Schwäbische Zeitung (Biberach)
Mit perfider Masche ins Bordell getrieben
Frauen zur Prostitution gezwungen – BGH hebt Urteile gegen Zuhälter teils auf
KARLSRUHE/DÜSSELDORF (dpa) In einem schweren Fall von Menschenhandel hat der Bundesgerichtshof (BGH) ein Urteil des Düsseldorfer Landgerichts teilweise aufgehoben. Die höchsten deutschen Strafrichter verwiesen den Fall am Donnerstag an das Landgericht zurück, weil dieses keine Sicherungsverwahrung für die Angeklagten geprüft hatte. Der heute 33-Jährige und sein 28-jähriger Komplize waren zu zehn Jahren und acht Jahren Haft verurteilt worden, unter anderem wegen Zuhälterei.
Die vier Frauen mussten nach Feststellung des Landgerichts in Bordellen im Rheinland, in Hessen, Hamburg und Stuttgart anschaffen – teils bis zu 18 Stunden am Tag. Die Männer kassierten die Einnahmen. Bis ihnen Fahnder nach gut drei Jahren auf die Schliche kamen und sie im Oktober 2015 in Köln und Stuttgart festnahmen. Nach Überzeugung des Gerichts hatten sie die Frauen mit Druck, brutaler Gewalt und einem „hinterlistigen Schauspiel“mit pseudo-religiösen Ritualen in die Prostitution getrieben und dann sexuell ausgebeutet.
Die Täter gingen immer nach demselben Muster vor: Der 28-jährige Deutsche gaukelte den Opfern die große Liebe vor, isolierte sie sozial und machte sie von ihm abhängig. Dann kam der 33-Jährige – ein in Deutschland aufgewachsener Algerier – ins Spiel. Er inszenierte sich als geheimnisvoller „Gesandter“und „Heiliger“mit übersinnlichen Kräften. Zusammen machten sie die Frauen gefügig, sorgten dafür, dass sie sich teils hoch verschuldeten und nach wochenlangem Druck – mit Schlafentzug und Isolation – sowie Gewalt ihre Körper verkauften.
Mit Tattoo gedemütigt
Das Duo brachte eine Studentin sogar dazu, sich die Abkürzung „DH2“(„Die heiligen Zwei“) auf den Hals tätowieren zu lassen. Der Jüngere, der selbst in einem Abhängigkeitsverhältnis zum Älteren gestanden haben soll, brachte die Frauen von Bordell zu Bordell und kassierte die Einnahmen. Der mehrfach vorbestrafte „Guru“lebte mit Frau und Kind in einem luxuriösen Reihenhaus und führte nach außen hin ein normales Leben. Drei der Frauen leiden noch heute unter den psychischen Folgen.

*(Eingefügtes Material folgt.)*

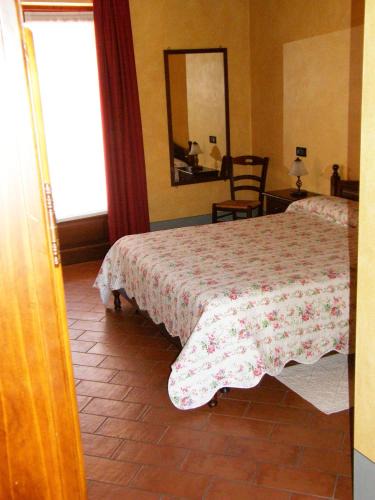 Crescentino House | Agriturismo Greppi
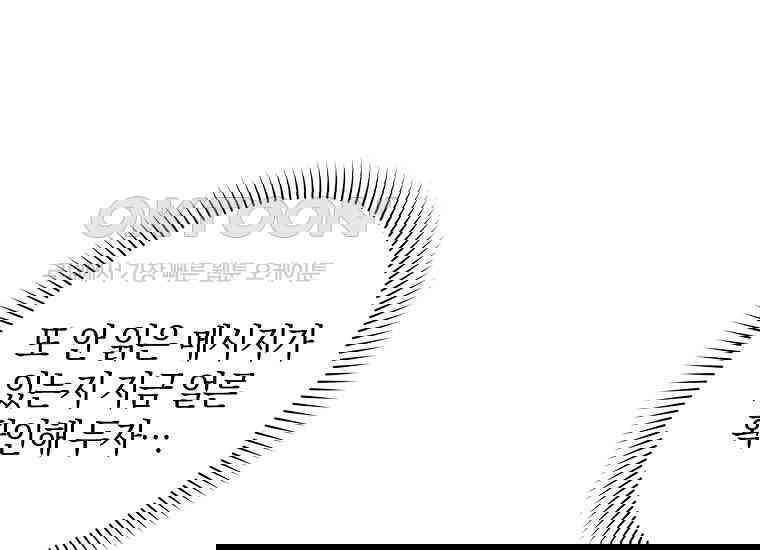1730590404011oh39qev1xwf.jpg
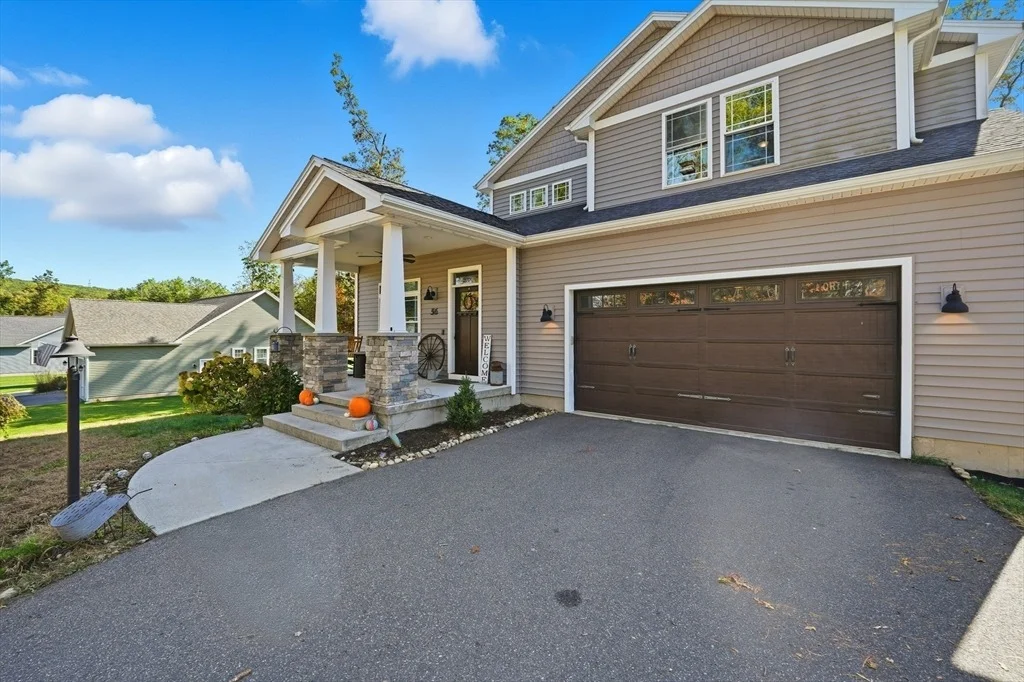 Photo of 56 Pomeroy St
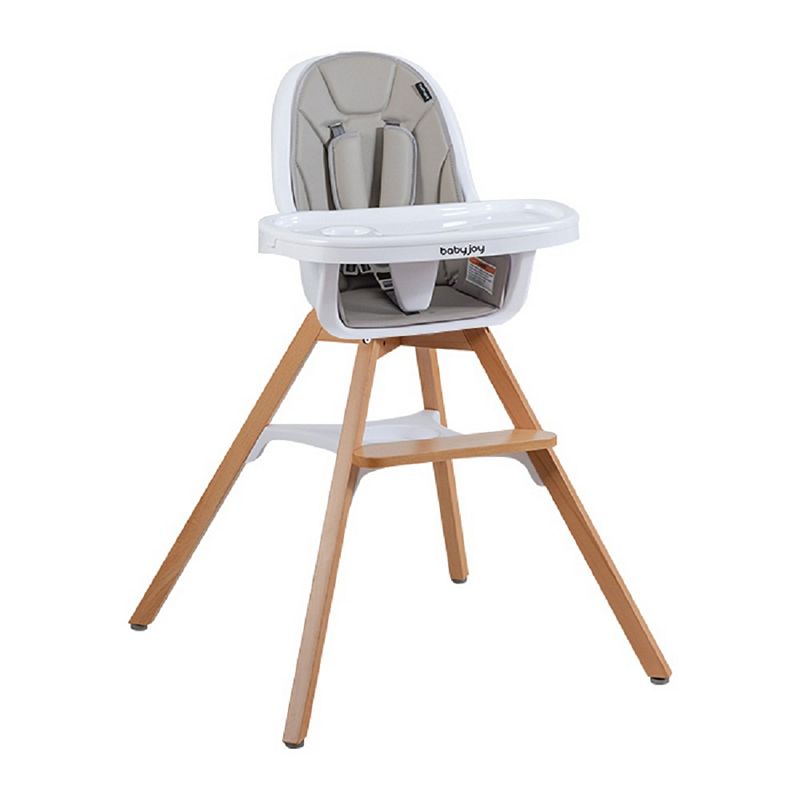 Kohls discount high chair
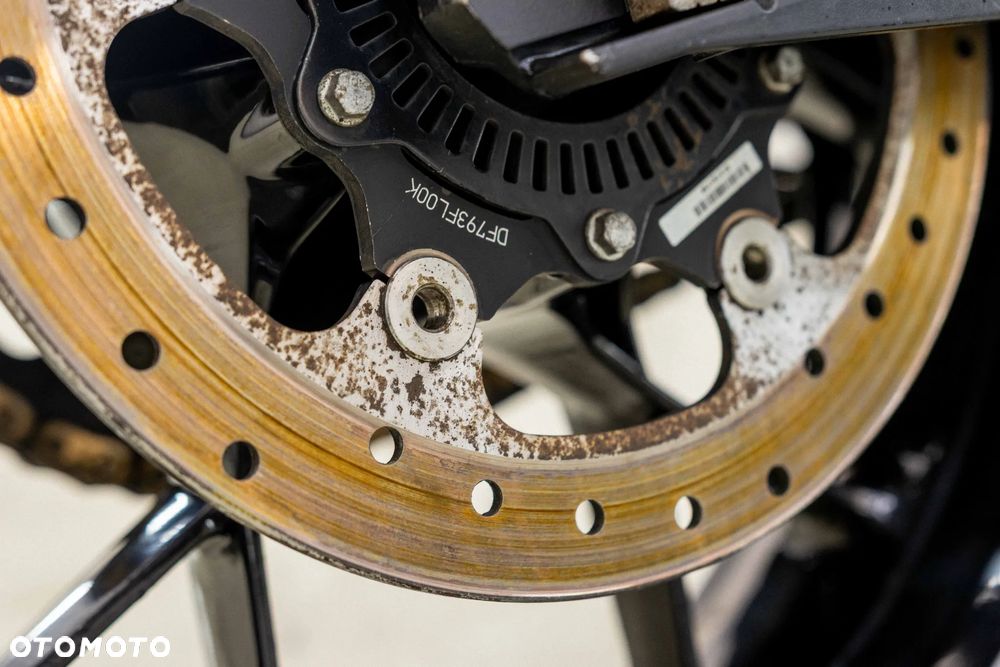 KTM Super Adventure - 35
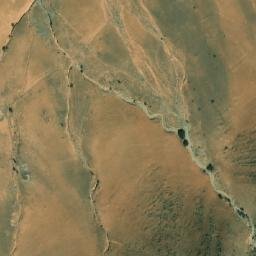Satellite imagery of Ettouiref Imezzizoui, MA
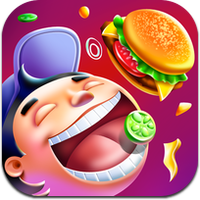 pick-n-chew-ipad pick-n-chew-ipad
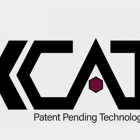 Harper’s experts are on-hand at Labelexpo Americas to introduce the patent-pending X-CAT engraving technology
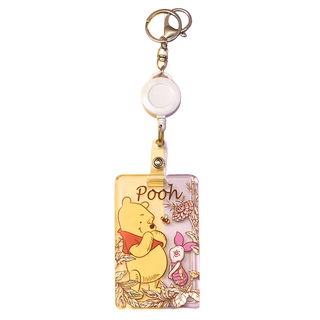 Disney 迪士尼 質感壓克力票卡 BF122-11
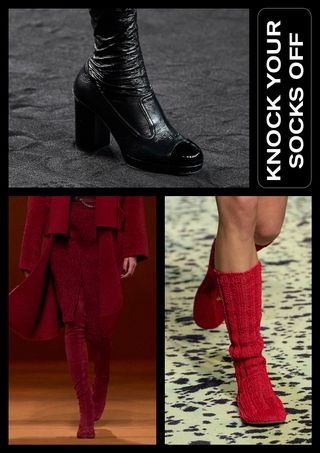 fall-shoe-trends-2023-306676-1681244546776-image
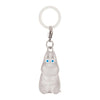 Moomin Mascot Dangler Vol. 02 Bandai 1-Inch Key Chain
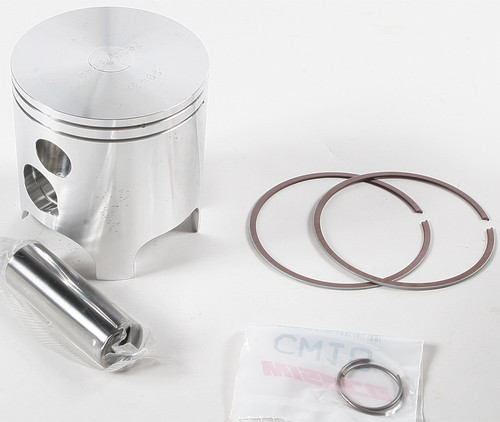 WISECO 702M06640 PISTON KIT PRO-LITE 66.40/STD HON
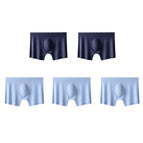 S4 / 1XL / 5pcs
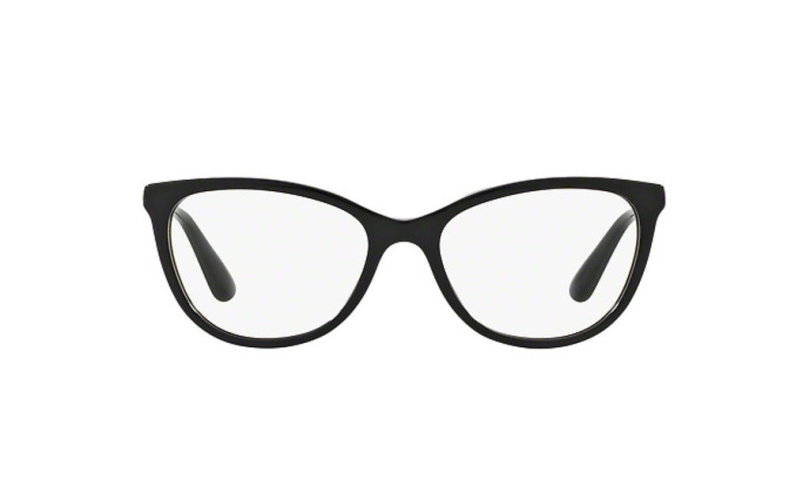 DOLCE & GABBANA DG3258 - 501 - 54 - 3 - Skyoptic.gr DOLCE & GABBANA DG3258 - 501 - 54 - 3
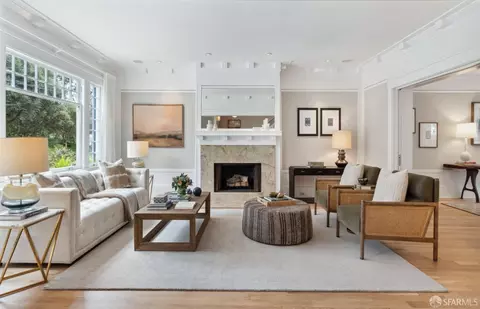 267 14th Ave, San Francisco, CA 94118 photo 4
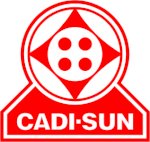 Cadisun -Đại Lý Phân Phối Cáp Điện Cadisun Tại Quảng Ngãi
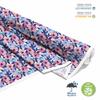 Outdoor Dekostoffe Oxford - Motiv Femini | Dx10410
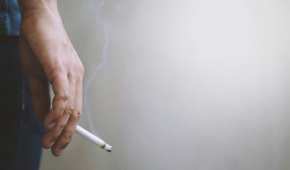 La Ley prohibe la publicidad de los productos de tabaco que atraen a la población infantil y adolescente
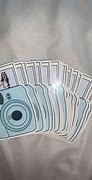 Image result for Popular Demand Polaroid Sticker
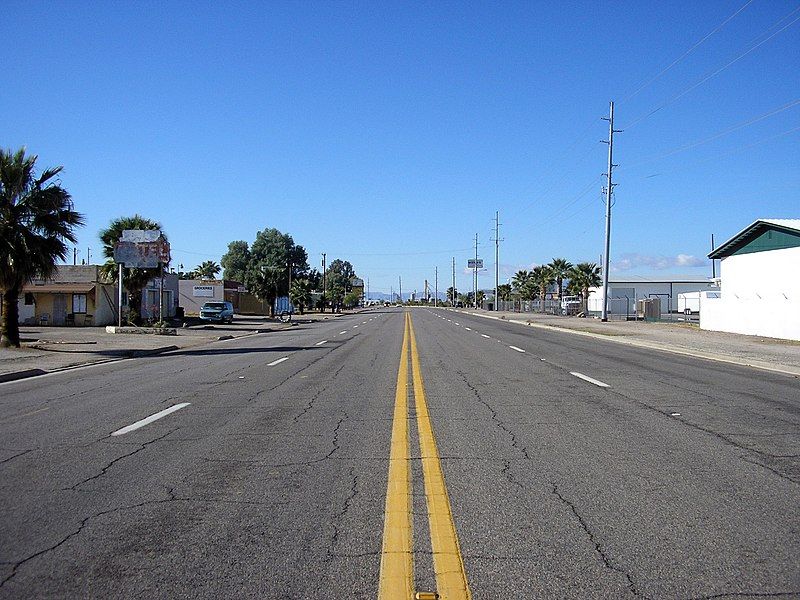 File:AguilaArizona.jpg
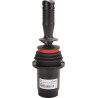 Levier de commande DANFOSS PVRE162F1300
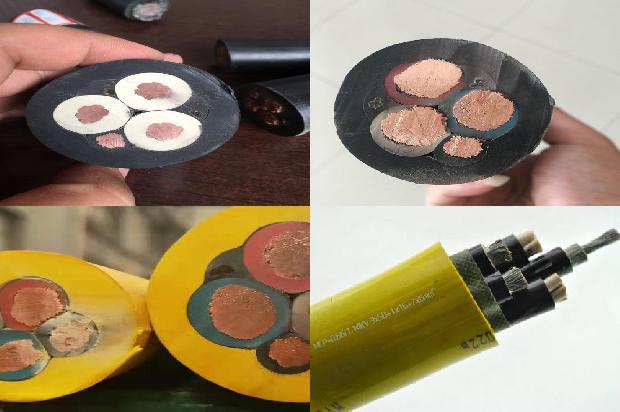 yjv22电缆型号的意思1678697973809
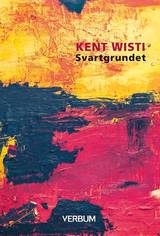 Svartgrundet, en produkt från Nya Musik som utvecklar och engagerar människor i alla åldrar.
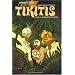 Les Tikitis, Tome 1 : La guerre des cerveaux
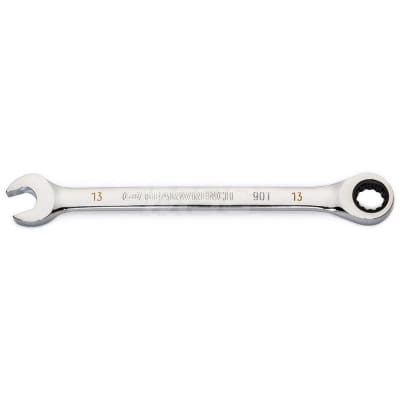 APEX TOOLS 86913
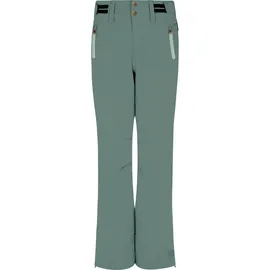 Protest Protest, Damen Hose PRTCINNAMONES S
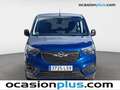 Opel Combo Life 1.2 T S/S Edition Plus L Azul - thumbnail 16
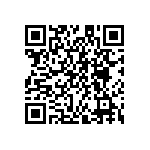 FW-38-05-G-D-386-065-A-P-TR QRCode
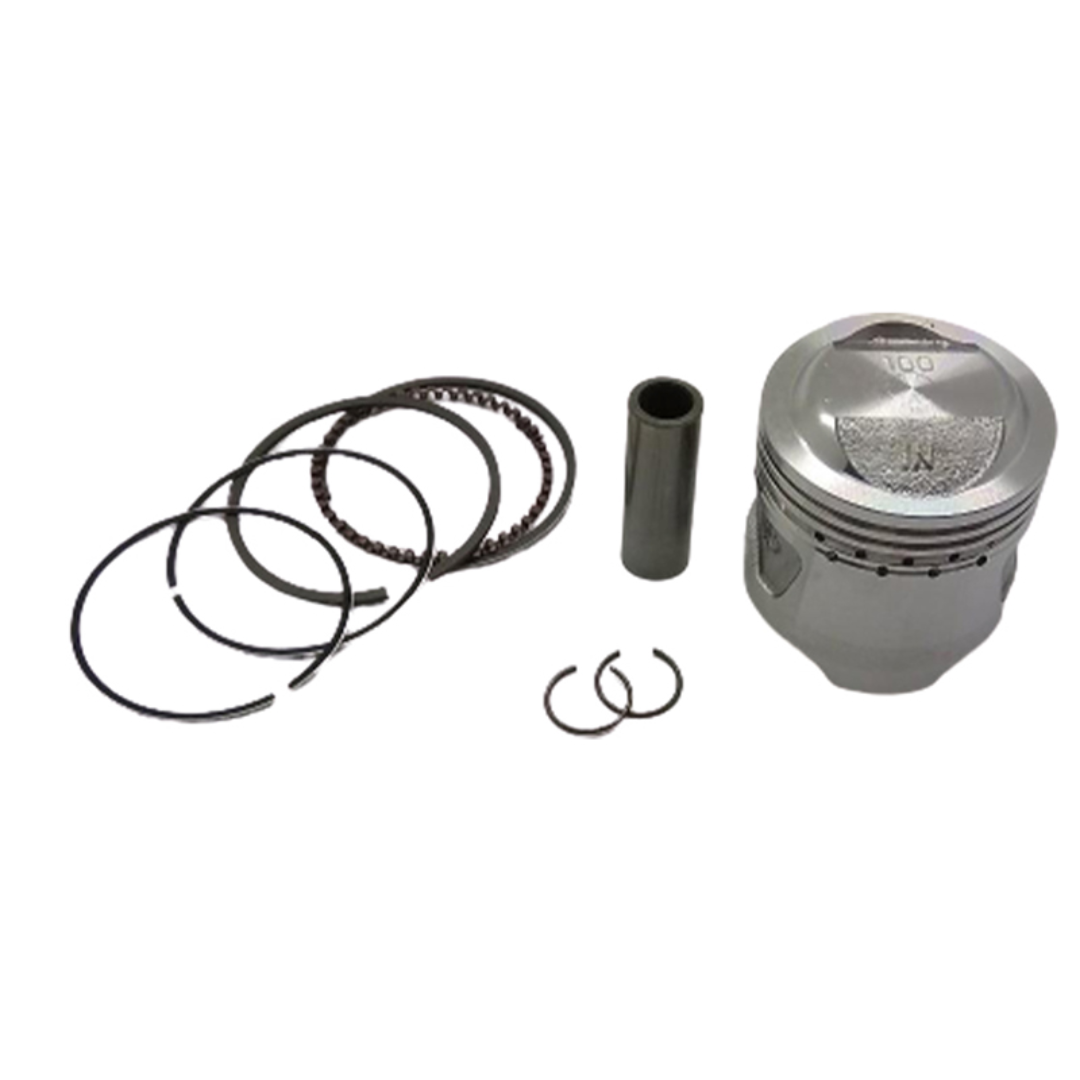 PISTON C70 Engine Parts Available From Trusted Suppliers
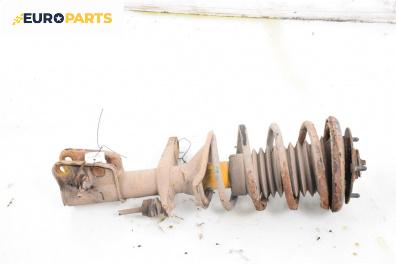 Макферсон за Land Rover Freelander SUV I (02.1998 - 10.2006), джип, позиция: предна, дясна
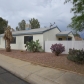 5238 Desert Shadows Drive, Sierra Vista, AZ 85635 ID:359068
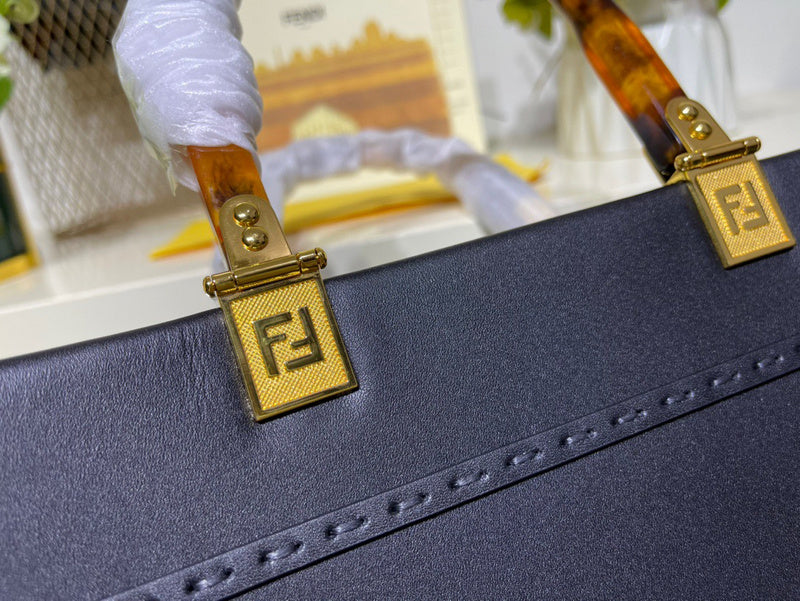 FDI Bags - Luxurious Bags  298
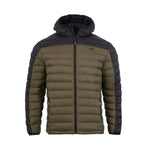 Parka Tilki Lehinde - Sur SportsVestuario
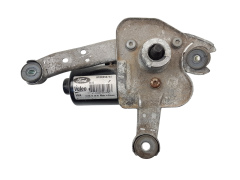 Moteur Essuie-Glace Gauche Ford Mondeo DS73-17504-DD W000025389 RHD 1435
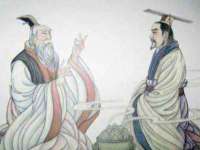 湖北卓昶科技有限公司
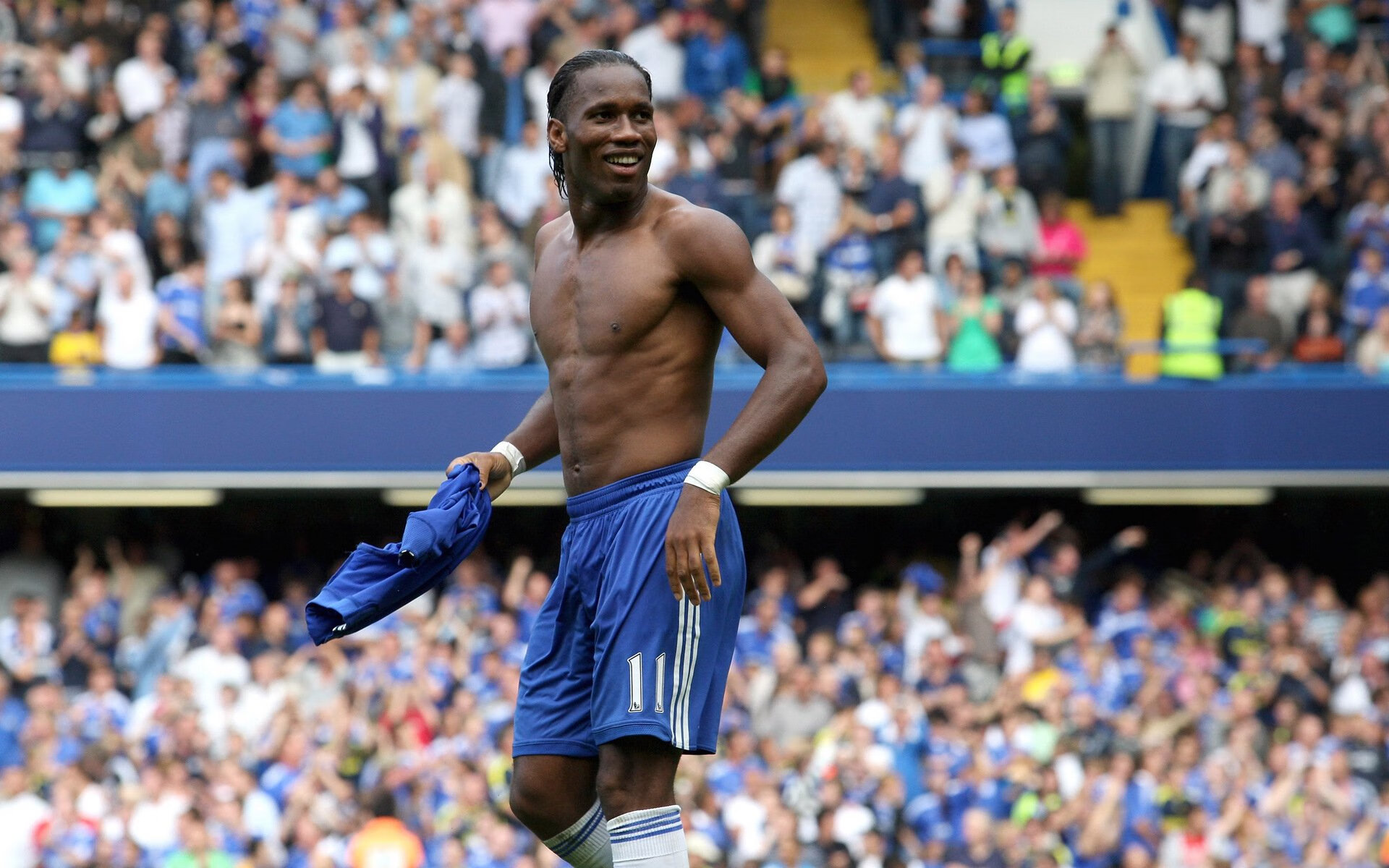 魔术战术压制鹈鹕，浓眉成为关键先生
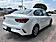2023 Kia Rio S Austin TX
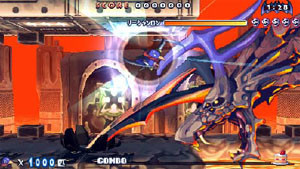 Say what you might about Disgaea, but if you hate Prinnies I will only pity you.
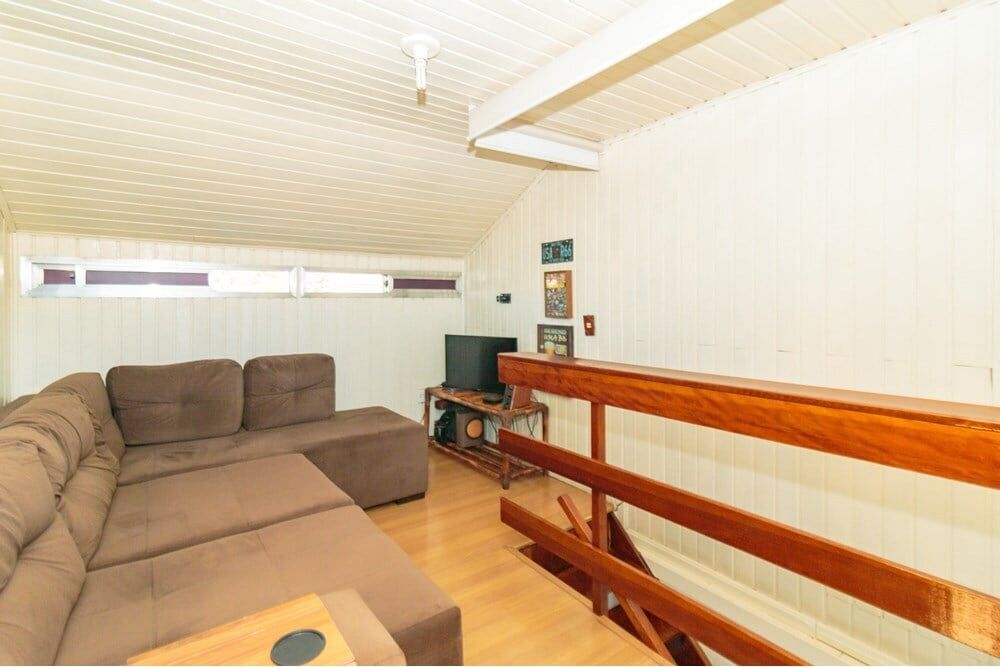 Apartamento, 2 quartos, 53 m² - Foto 8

Gegen das Landgerichtsurteil hatten beide Seiten Revision eingelegt. Während die Verteidiger auf ein milderes Urteil hofften, rügte die Bundesanwaltschaft, dass das Gericht keine Sicherungsverwahrung in Betracht gezogen hat. Dem Hauptangeklagten, der schon als junger Mensch mit Straftaten auffiel, bescheinigte sie: „Er ist für die Allgemeinheit gefährlich.“Selbst wenn dies für den Jüngeren nicht in gleichem Maße gelte, müsse auch für ihn Sicherungsverwahrung geprüft werden.